Screw holes on router match the ones on the table. Underside of the table has a round indent which matches the plastic baseplate which is now screwed to the bottom of the router with 3 - M5 .8 screws. 
When I mount the router to the table should I include the existing plastic or composite baseplate or just mount the router minus the baseplate to the underside of the router table. There is about a 1/8" difference in doing it with and without the baseplate.

Will this effect routing with the table as it will not stick up as far of I use the baseplate.

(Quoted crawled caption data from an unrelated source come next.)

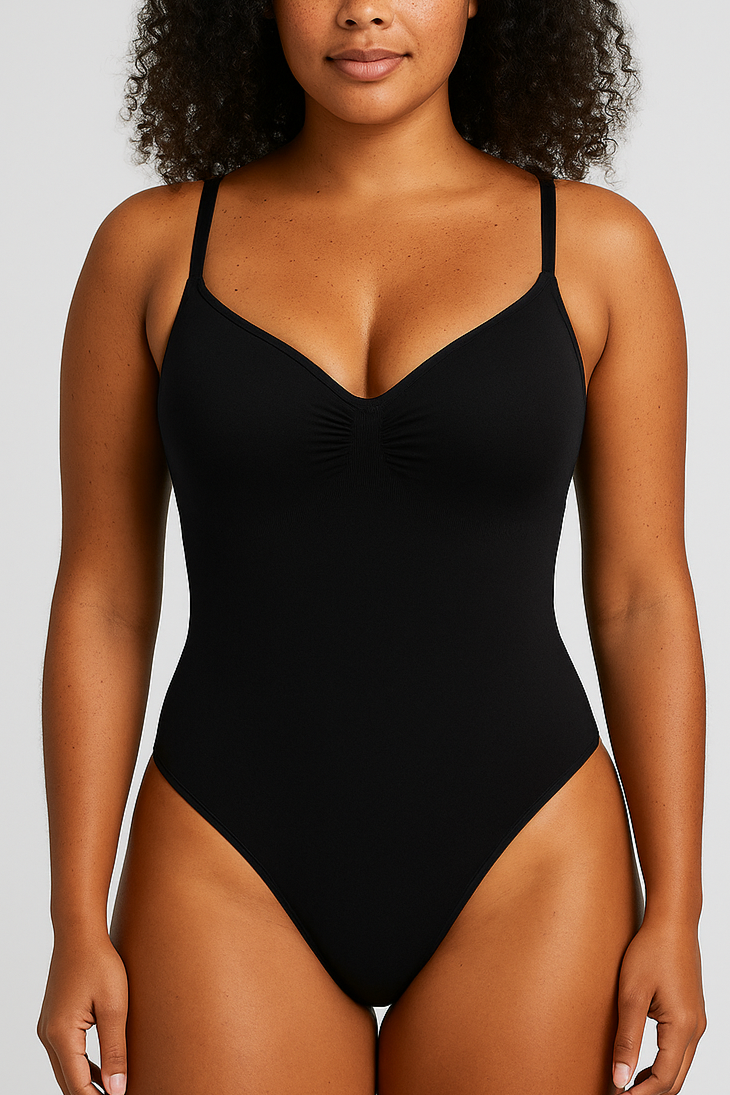 Body Gainant Sculptant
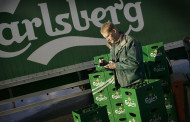 Carlsberg and Brooklyn Brewery extend collaboration to Lithuania
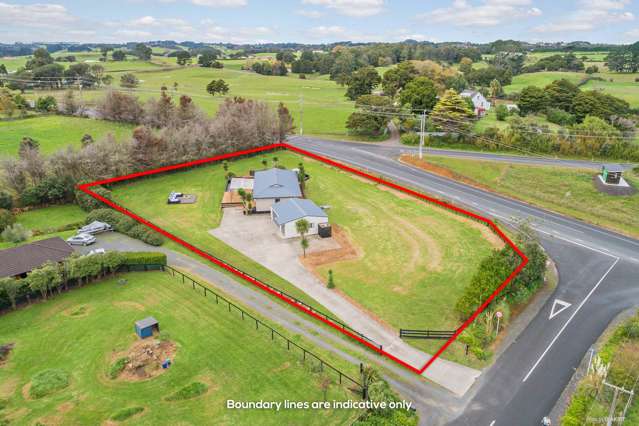 4 Hyland Place Waiuku_3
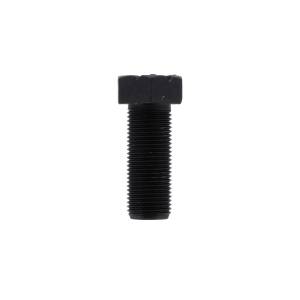PAI - 040021 | PAI Damper Screw - Image 2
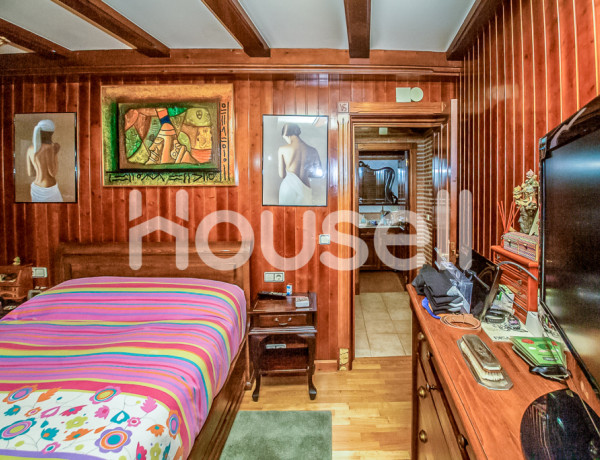Casa en venta de 160 m² Camino Ollerías, 26370 Navarrete (La Rioja)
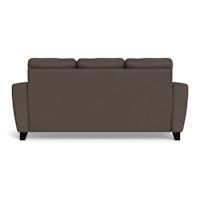 Marymount II Sofa - Evoque Ardesia Marymount II Sofa - Evoque Ardesia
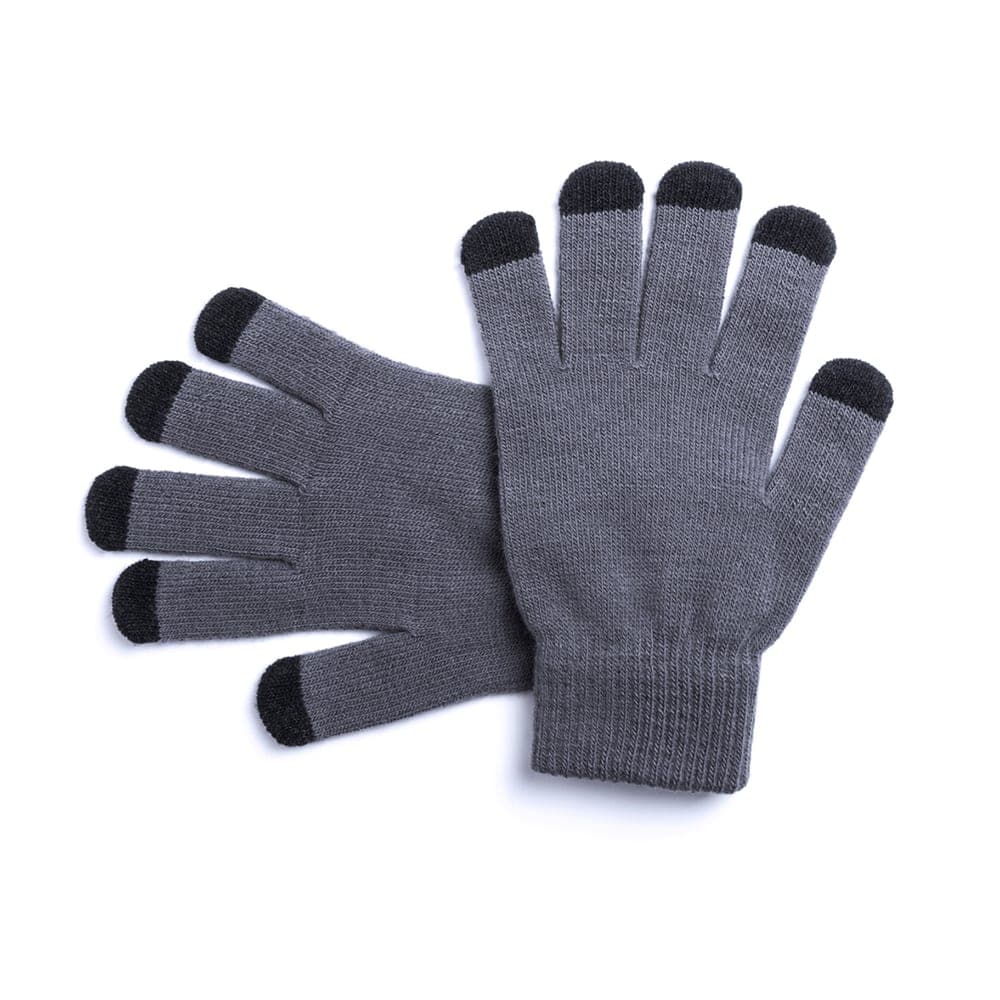 Gant Tactile 2
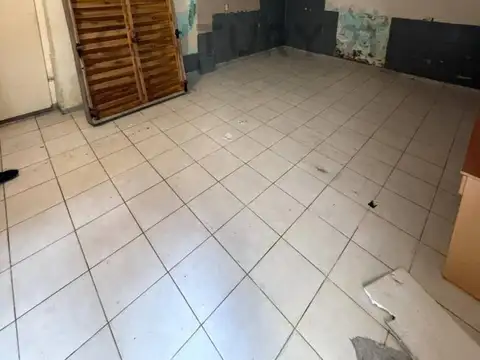 LOTE EN VENTA DE 11 MONOAMBIENTES EN SAN CRISTOBAL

Have used routers before but not on a table. Do not have manuals for these items.


----------



## greenacres2 (Dec 23, 2011)

No need for the sub-base plate, and by removing it you'll gain extra depth of cut--something you WILL need!! 

earl


----------



## Mike (Nov 22, 2004)

Removing the sub base plate is the smart way to go Hank. I just posted this photo in another thread but will add it here.


----------



## jw2170 (Jan 24, 2008)

Welcome to the forum.


----------



## Dr Neon (Apr 15, 2010)

Hi Hank. As was mentioned you will get a bit more projection for your bits with the base removed. Make sure that the router seats flush to the bottom of the table. You don't want it coming through on an angle. So long as the router sits flush to the bottom, there is no need for the flat base - the router table does that job, now. Tim


----------



## DaninVan (Jan 1, 2012)

Why the 'Thumbs Down' flag?


----------



## greenacres2 (Dec 23, 2011)

DaninVan said:


> Why the 'Thumbs Down' flag?


Been wondering that myself, and hoping i didn't accidently hit some button when i posted my reply. Don't think i did...but around here none of our mice are trained!!

earl


----------



## CaptainHook (Jan 30, 2013)

I built my own table and did not use the baseplate. Works well.


----------



## bighank (Feb 19, 2013)

*Mistook the icon for a question mark (?)*



DaninVan said:


> Why the 'Thumbs Down' flag?


wrong tag


----------